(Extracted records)
----------------
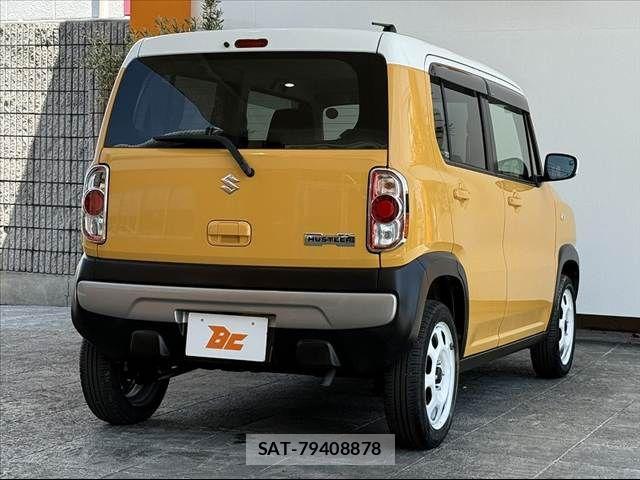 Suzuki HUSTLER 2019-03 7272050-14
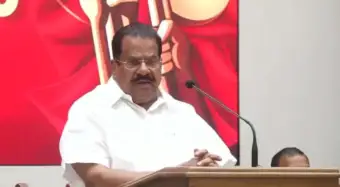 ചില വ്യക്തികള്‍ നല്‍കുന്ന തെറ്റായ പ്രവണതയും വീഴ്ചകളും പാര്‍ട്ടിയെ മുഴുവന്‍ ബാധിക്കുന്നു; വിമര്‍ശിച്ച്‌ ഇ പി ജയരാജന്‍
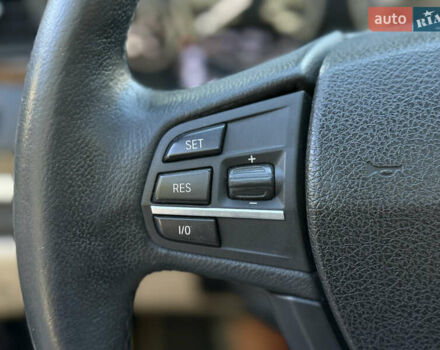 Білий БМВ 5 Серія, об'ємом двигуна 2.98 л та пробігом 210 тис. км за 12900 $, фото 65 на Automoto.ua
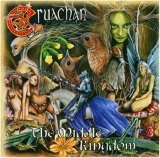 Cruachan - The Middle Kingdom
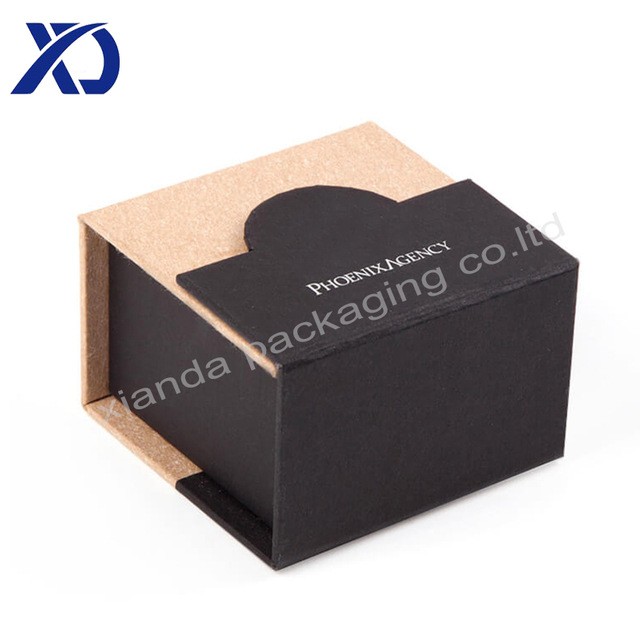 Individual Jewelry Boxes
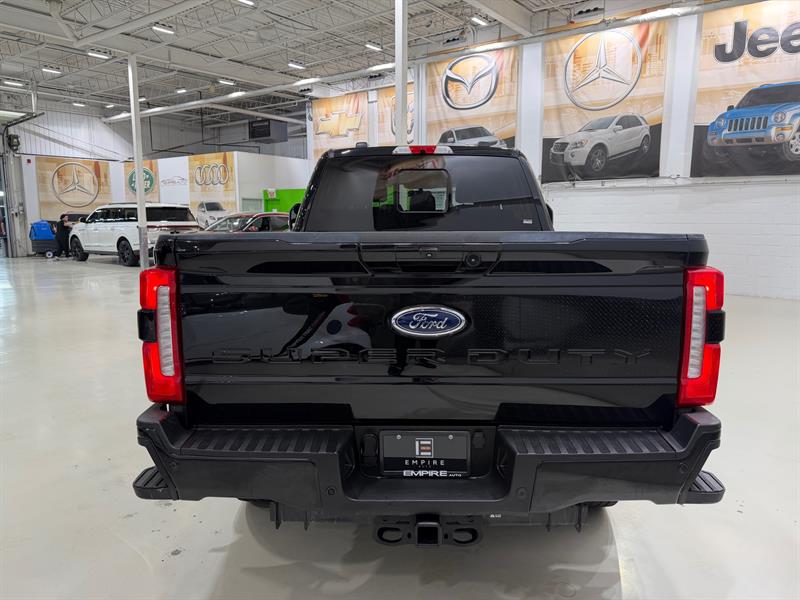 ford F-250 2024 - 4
----------------
What you will do = Give again exactly the lines from the one holding "Білий БМВ 5" to the final line of the records, both ends included, and nothing more. Pictures do not belong in the copy.

Answer to the problem =
 Білий БМВ 5 Серія, об'ємом двигуна 2.98 л та пробігом 210 тис. км за 12900 $, фото 65 на Automoto.ua
 Cruachan - The Middle Kingdom
 Individual Jewelry Boxes
 ford F-250 2024 - 4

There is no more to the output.